Is Your Old House Haunted?

Here’s how to tell—and what to do if you find otherworldly visitors hanging around.

(Photo: JMB/Fotolia.com)

Mark Hubbard was the first member of his family to sense that there was someone besides himself, his wife, and their two sons living with them in their Long Island house. Mark’s awareness of the spirit was subtle; it came as a sense of movement out of the corner of his eye.

After a number of similar experiences—all of which occurred in the dining room of the family’s 1860s Queen Anne—he mentioned it to his wife and sons. Each acknowledged having had a similar sense of someone watching. They named the spirit Abe, and continue to feel his friendly presence from time to time.

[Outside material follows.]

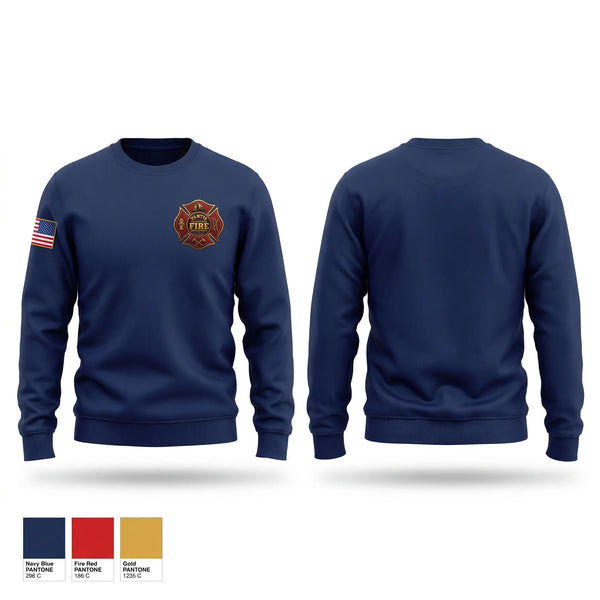 Crew Neck Sweatshirt, Yantis Volunteer Fire Department, Fire Department, Teamtime, Team time, sublimation, custom sports apparel, team uniforms, spirit wear, spiritwear, sports uniforms, custom shirts, team store, custom team store, fundraiser sports, apparel fundraiser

“Our home is definitely haunted,” says Ashley Rettig of Chelsea, Alabama. “Our family and visitors have experienced cold spots, common phenomena in haunted houses. The spot may move around, sometimes hovering close to a special chair or other piece of furniture. Sometimes these spots are accompanied by intermittent phantom smells.” (According to paranormal researcher Nanette Richford, an unexplained smell—such as the scent of a perfume worn by the deceased or the smell of cigarette or cigar smoke—may provide clues to the identity of a spirit.) As the Hubbards did, the Rettigs sometimes experience the feeling they’re being watched when no one is there. Spirits in both homes occasionally show their presence by tapping or touching the occupants.

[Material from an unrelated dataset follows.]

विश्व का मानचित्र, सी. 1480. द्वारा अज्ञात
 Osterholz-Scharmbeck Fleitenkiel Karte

“Recently, the Birmingham Paranormal Group investigated our house,” Ashley says. “We called them after more than 20 people who had been in our home experienced hearing male and female voices, a few apparitions, and strange happenings like chills and that constant feeling of being watched. There were also some episodes of items moving, electrical items malfunctioning, and clocks changing time.” The latter manifestations are typical of poltergeists, a type of ghost known for rearranging or throwing household items, turning lights off and on, or making a household musical instrument play.

The paranormal group conducted an investigation that confirmed with an electromagnetic field (EMF) detector that the house is occupied by spirits. Virtually everything in nature, both living and inanimate, emits an electromagnetic field; paranormal investigators believe that spirits give off electromagnetic energy as well. EMF detectors with readings in the 2.0 to 7.0 range that can’t be traced to an identified electronic source are typically thought to confirm spirit activity.

Spirit Skeptics

The Massachusetts house where Lizzie Borden allegedly murdered her father and stepmother in 1892 is said to be one of the most haunted homes in the U.S. Now a B&B and museum, the house regularly hosts paranormal investigators and is planning to launch a ghost webcam.

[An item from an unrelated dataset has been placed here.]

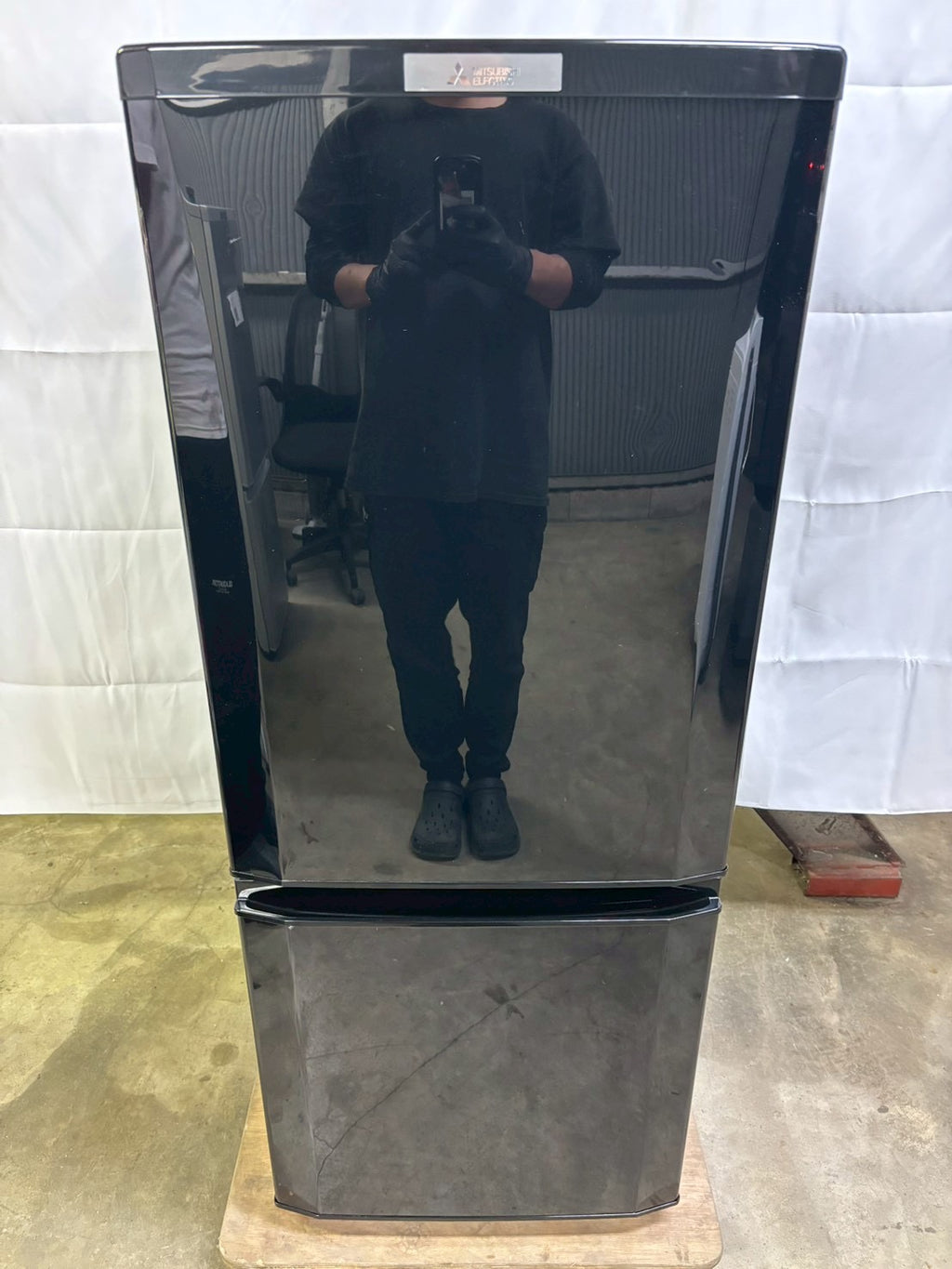 三菱 2ドア冷蔵庫 MR-P15C-B 2018年製 146L 右開き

Of course, not everyone gives credence to the idea of a haunted house. A 2005 Gallup poll revealed that just 37 percent of Americans believe that houses can be haunted by spirits of the dead. Even in the same household, spirits often will choose to reveal themselves to some occupants and not to others. Those who believe in ghosts are more likely to sense their presence, but occasionally skeptics have been converted after witnessing paranormal activity themselves.

Still, encounters with spirits happen often to perfectly sane and logical people. All things have energy—either positive or negative—which might help explain this phenomenon to those otherwise skeptical of paranormal activity.

“We’ve had many spiritual guides tell us our house is full of spirits,” says Danielle Forget Shield. “Our 1920s-era house in Houston was updated in 2007, and every contractor who worked on the house had something crazy happen.” After several inexplicably moved or broken items caused a series of contractors to quit, Danielle decided to do something about it. “We consulted house clearers, who told us the spirits thought we were tearing the house down. We employed a Buddhist monk to clear the house. We still see one spirit occasionally, but the ‘negative vortex’ is gone. The house feels amazingly different, and our dogs will now go to the parts of the house that had the vortex. And the best part—our renovation was finally completed.”

In San Geronimo, California, Cerridwen Fallingstar hired a Celtic Wiccan to exorcise her house. Prior to the clearing, all of Cerridwen’s family members had experienced identical nightmares in which they felt hands on their necks and something pressing on their chests. They felt unable to breathe and couldn’t wake up easily. They all smelled cigar smoke, although no one in the family smoked. They also experienced the typical patches of cold air. After the home was cleared, the problems were gone.

The Fallingstar family’s experience also illustrates the fact that not every haunted house is ancient and eerie-looking. “The house was in Corte Madera, California,” Cerridan says. “It was an ordinary-looking four-bedroom, split-level tract home built around 1960.”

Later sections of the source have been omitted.